Creating serial innovation.

One reason why the UCSD’s CONNECT program has developed so many new ideas and products is because it encourages interaction between creative scientists and business entrepreneurs as they hunt together for scientific answers to urgent problems. Successful innovators never lose track of what they’re doing; bringing together a concept of what's needed in the marketplace with what's possible in the world of science.

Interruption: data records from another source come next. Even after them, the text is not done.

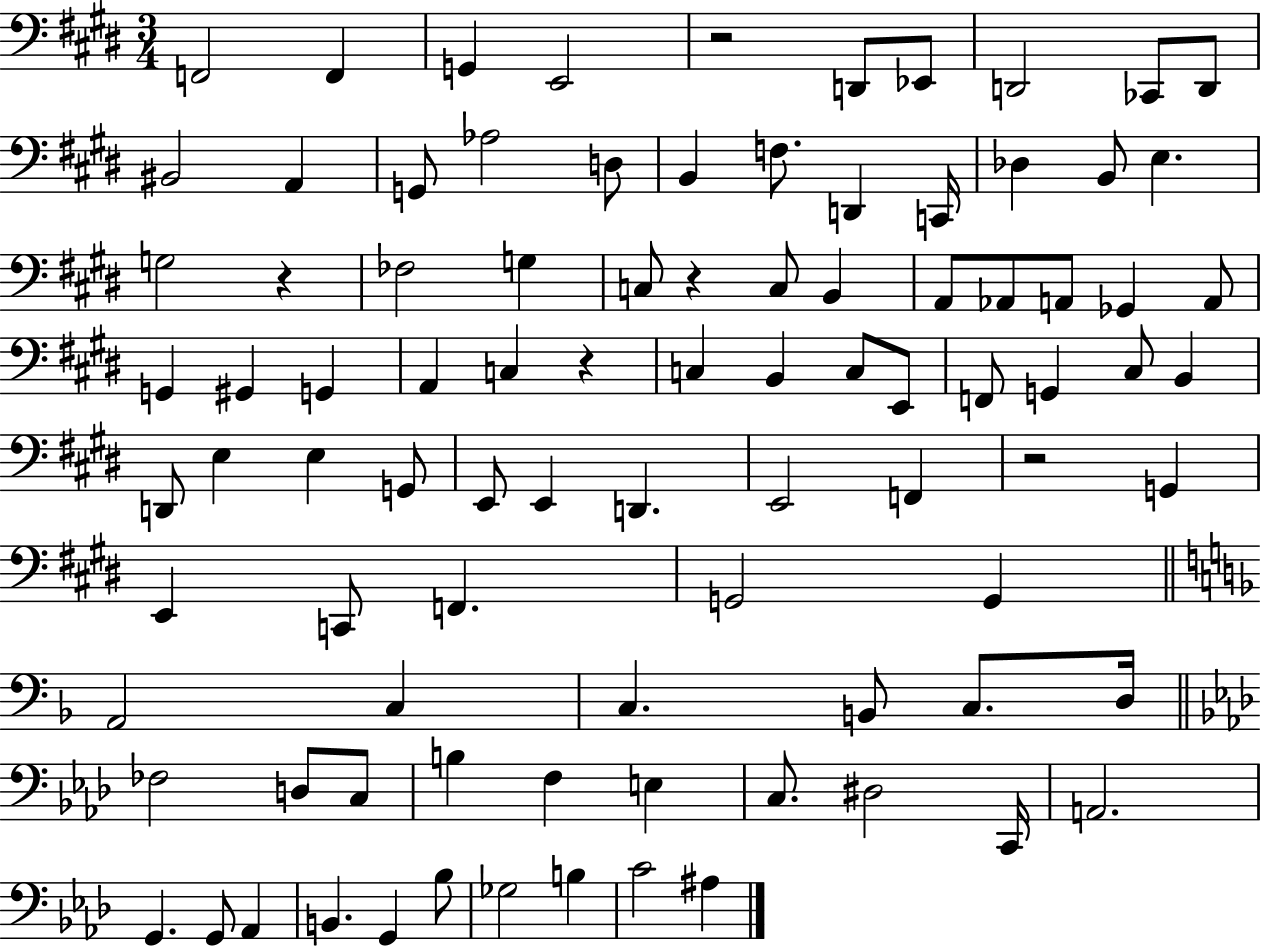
F2/h F2/q G2/q E2/h R/h D2/e Eb2/e D2/h CES2/e D2/e BIS2/h A2/q G2/e Ab3/h D3/e B2/q F3/e. D2/q C2/s Db3/q B2/e E3/q. G3/h R/q FES3/h G3/q C3/e R/q C3/e B2/q A2/e Ab2/e A2/e Gb2/q A2/e G2/q G#2/q G2/q A2/q C3/q R/q C3/q B2/q C3/e E2/e F2/e G2/q C#3/e B2/q D2/e E3/q E3/q G2/e E2/e E2/q D2/q. E2/h F2/q R/h G2/q E2/q C2/e F2/q. G2/h G2/q A2/h C3/q C3/q. B2/e C3/e. D3/s FES3/h D3/e C3/e B3/q F3/q E3/q C3/e. D#3/h C2/s A2/h. G2/q. G2/e Ab2/q B2/q. G2/q Bb3/e Gb3/h B3/q C4/h A#3/q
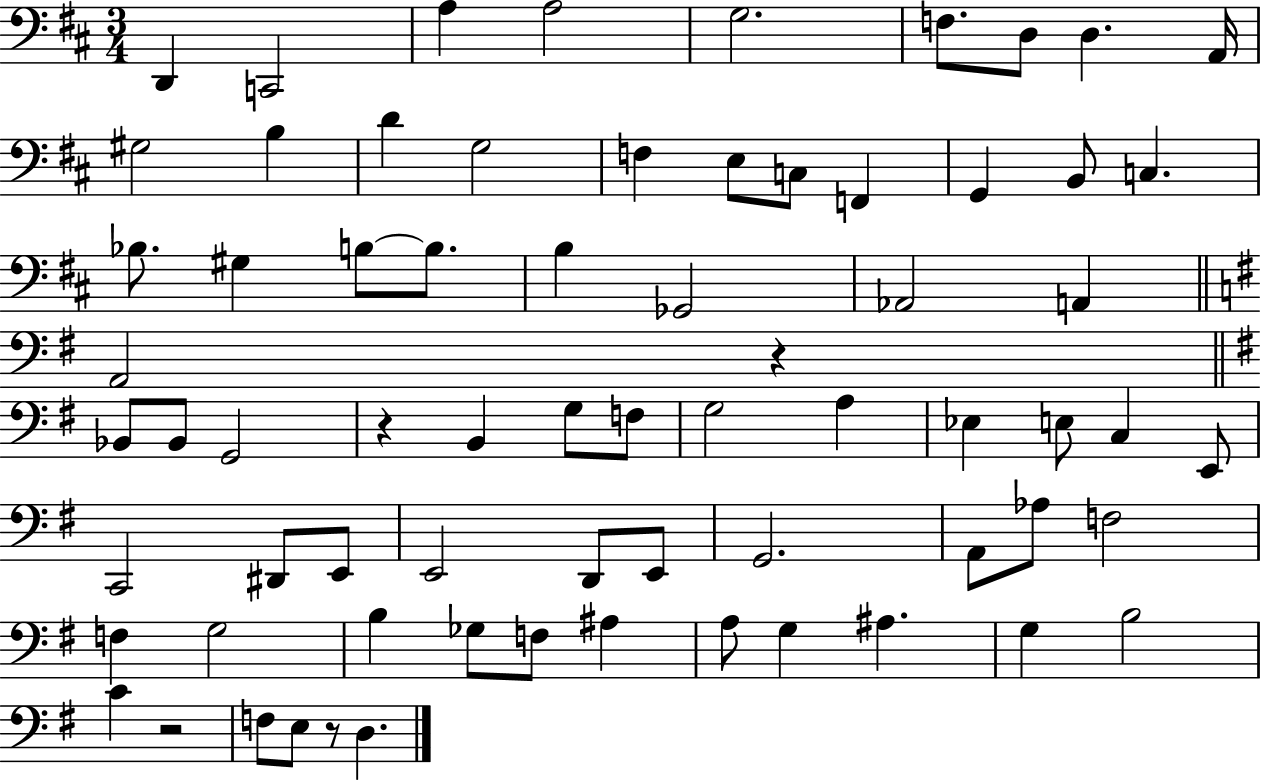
D2/q C2/h A3/q A3/h G3/h. F3/e. D3/e D3/q. A2/s G#3/h B3/q D4/q G3/h F3/q E3/e C3/e F2/q G2/q B2/e C3/q. Bb3/e. G#3/q B3/e B3/e. B3/q Gb2/h Ab2/h A2/q A2/h R/q Bb2/e Bb2/e G2/h R/q B2/q G3/e F3/e G3/h A3/q Eb3/q E3/e C3/q E2/e C2/h D#2/e E2/e E2/h D2/e E2/e G2/h. A2/e Ab3/e F3/h F3/q G3/h B3/q Gb3/e F3/e A#3/q A3/e G3/q A#3/q. G3/q B3/h C4/q R/h F3/e E3/e R/e D3/q.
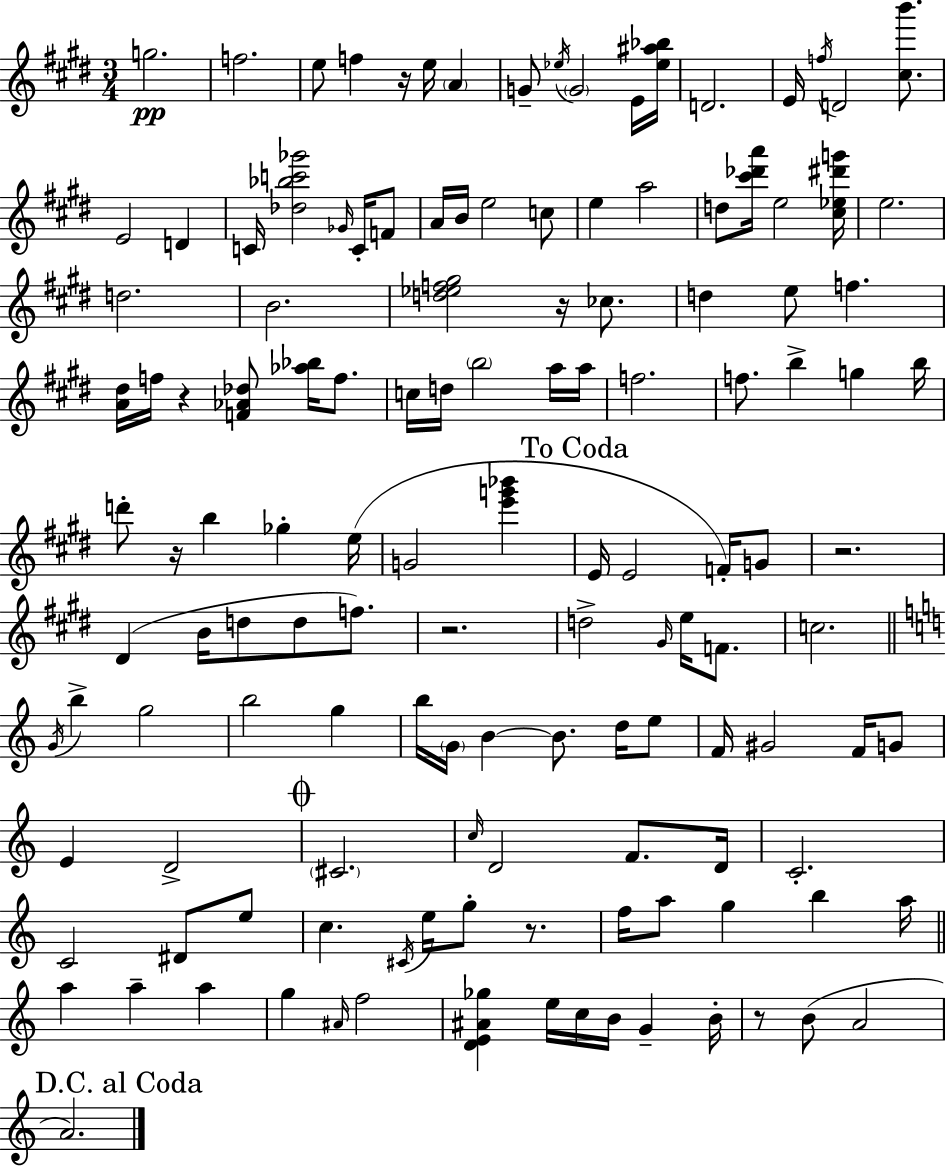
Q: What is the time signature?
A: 3/4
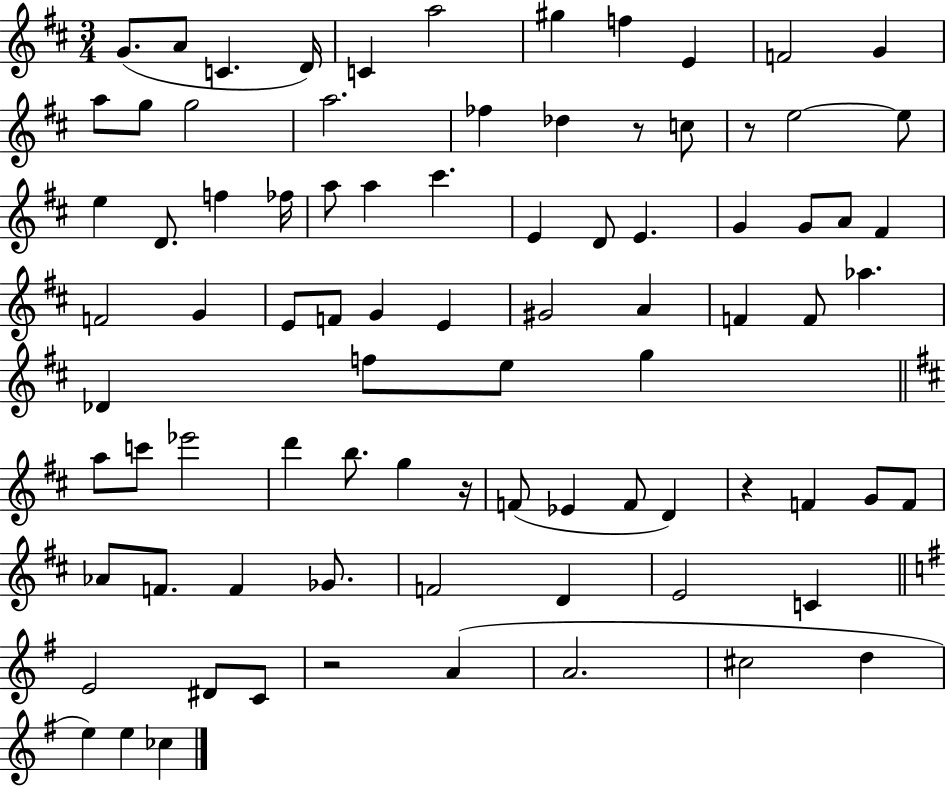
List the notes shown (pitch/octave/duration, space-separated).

G4/e. A4/e C4/q. D4/s C4/q A5/h G#5/q F5/q E4/q F4/h G4/q A5/e G5/e G5/h A5/h. FES5/q Db5/q R/e C5/e R/e E5/h E5/e E5/q D4/e. F5/q FES5/s A5/e A5/q C#6/q. E4/q D4/e E4/q. G4/q G4/e A4/e F#4/q F4/h G4/q E4/e F4/e G4/q E4/q G#4/h A4/q F4/q F4/e Ab5/q. Db4/q F5/e E5/e G5/q A5/e C6/e Eb6/h D6/q B5/e. G5/q R/s F4/e Eb4/q F4/e D4/q R/q F4/q G4/e F4/e Ab4/e F4/e. F4/q Gb4/e. F4/h D4/q E4/h C4/q E4/h D#4/e C4/e R/h A4/q A4/h. C#5/h D5/q E5/q E5/q CES5/q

Turning a company into a serial innovator is like a new novelist, still flush with a best seller, who now needs to write that second novel. Hundreds of local technology companies are established businesses today thanks to CONNECT and now need to jump-start another product, a new story. In older, more traditional industries, the innovation crisis is even more serious, though less visible. Merger mania among the big drug companies is driven by the shortage of new Rx products ready to come to market - at a time when many of their most profitable products will soon run out of the patent protection that keeps their prices high. And although the packaged goods giants are rushing to market with thousands of new product ideas, 90% of them fail within 12 months of launch. We still don't know enough about how good ideas happen or where they can lead.

In 1918, an assistant US Postmaster General named James Blaksee put together a fleet of parcel-post trucks to pick up farm produce from designated spots along the country’s main roads and ship it directly to town. However, parcel post soon turned out to be something entirely different than what was originally envisioned - a means not to move farm goods to town but to move consumer goods from town to country. The nature of revolutions is such that you never really know what they mean until they’re over.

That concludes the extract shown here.